Brief descriptive captions:
________________

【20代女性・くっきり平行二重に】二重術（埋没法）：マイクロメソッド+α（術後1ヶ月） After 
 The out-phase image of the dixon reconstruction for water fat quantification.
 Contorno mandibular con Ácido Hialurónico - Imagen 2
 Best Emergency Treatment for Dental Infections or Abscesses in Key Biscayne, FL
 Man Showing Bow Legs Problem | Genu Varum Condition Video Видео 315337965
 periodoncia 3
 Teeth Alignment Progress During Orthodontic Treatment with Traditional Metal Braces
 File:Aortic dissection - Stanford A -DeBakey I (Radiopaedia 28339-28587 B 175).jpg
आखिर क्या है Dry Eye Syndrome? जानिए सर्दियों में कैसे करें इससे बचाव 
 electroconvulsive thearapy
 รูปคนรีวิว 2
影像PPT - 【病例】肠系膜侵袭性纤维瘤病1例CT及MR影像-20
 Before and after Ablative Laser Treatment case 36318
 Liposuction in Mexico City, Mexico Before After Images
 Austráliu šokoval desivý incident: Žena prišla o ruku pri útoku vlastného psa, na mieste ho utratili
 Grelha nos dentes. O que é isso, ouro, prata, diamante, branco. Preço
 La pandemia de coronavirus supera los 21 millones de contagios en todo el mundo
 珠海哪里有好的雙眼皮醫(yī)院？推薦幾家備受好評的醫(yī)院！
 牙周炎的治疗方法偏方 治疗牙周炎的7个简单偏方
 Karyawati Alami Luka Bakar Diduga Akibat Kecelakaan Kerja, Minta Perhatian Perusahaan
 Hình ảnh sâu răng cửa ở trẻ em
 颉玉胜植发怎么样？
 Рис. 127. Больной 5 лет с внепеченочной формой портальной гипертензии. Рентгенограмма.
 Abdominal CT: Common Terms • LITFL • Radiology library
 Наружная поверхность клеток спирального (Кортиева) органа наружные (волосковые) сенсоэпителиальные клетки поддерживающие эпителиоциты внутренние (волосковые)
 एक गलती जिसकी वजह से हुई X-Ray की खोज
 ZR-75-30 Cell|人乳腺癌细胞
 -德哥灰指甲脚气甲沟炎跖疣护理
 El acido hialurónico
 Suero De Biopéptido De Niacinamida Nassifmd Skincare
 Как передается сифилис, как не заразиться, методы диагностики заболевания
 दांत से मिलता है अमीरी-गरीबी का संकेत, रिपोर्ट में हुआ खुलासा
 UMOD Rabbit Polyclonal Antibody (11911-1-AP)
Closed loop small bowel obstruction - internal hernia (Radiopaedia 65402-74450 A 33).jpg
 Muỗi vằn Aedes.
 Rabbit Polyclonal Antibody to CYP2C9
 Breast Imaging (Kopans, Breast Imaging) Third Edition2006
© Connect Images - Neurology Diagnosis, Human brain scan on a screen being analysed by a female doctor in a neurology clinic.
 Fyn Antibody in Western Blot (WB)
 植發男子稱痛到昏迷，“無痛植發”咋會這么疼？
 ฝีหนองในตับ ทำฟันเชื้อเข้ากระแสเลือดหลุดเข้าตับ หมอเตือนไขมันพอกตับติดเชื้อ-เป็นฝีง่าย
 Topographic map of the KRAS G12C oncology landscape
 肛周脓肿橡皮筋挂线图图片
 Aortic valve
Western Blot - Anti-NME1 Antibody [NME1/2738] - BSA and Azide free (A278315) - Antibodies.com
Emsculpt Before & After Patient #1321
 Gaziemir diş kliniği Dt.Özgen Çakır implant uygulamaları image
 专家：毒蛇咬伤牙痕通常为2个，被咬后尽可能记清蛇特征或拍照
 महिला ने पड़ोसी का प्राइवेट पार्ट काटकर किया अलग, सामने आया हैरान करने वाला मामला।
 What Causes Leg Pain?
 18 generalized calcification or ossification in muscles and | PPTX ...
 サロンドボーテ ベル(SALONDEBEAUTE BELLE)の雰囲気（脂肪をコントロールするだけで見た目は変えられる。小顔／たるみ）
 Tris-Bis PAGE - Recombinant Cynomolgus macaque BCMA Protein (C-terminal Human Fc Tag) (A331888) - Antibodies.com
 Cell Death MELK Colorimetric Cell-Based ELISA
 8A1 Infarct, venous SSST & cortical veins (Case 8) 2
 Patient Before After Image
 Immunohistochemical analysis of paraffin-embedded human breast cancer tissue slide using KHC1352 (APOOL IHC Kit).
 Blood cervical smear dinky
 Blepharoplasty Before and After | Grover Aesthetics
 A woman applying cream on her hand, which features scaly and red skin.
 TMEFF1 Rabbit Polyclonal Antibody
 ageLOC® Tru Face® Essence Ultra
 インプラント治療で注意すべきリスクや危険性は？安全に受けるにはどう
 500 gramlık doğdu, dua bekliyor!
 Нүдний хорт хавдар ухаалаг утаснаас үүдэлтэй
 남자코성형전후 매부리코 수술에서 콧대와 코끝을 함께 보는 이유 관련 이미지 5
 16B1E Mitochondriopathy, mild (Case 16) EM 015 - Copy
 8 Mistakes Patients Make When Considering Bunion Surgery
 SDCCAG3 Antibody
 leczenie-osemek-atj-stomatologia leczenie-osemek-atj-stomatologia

________________

Tally the lines in this data that hold the word "Polyclonal" and state only the count.

3